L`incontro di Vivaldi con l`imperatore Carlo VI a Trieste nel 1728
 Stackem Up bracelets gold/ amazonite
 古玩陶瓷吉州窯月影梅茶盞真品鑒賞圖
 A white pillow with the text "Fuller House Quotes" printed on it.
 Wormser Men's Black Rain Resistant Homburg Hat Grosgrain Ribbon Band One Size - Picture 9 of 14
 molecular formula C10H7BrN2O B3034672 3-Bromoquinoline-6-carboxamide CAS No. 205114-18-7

#### Instructions to follow
Reproduce the data above in full, with no line missing.

#### Task answer
L`incontro di Vivaldi con l`imperatore Carlo VI a Trieste nel 1728
 Stackem Up bracelets gold/ amazonite
 古玩陶瓷吉州窯月影梅茶盞真品鑒賞圖
 A white pillow with the text "Fuller House Quotes" printed on it.
 Wormser Men's Black Rain Resistant Homburg Hat Grosgrain Ribbon Band One Size - Picture 9 of 14
 molecular formula C10H7BrN2O B3034672 3-Bromoquinoline-6-carboxamide CAS No. 205114-18-7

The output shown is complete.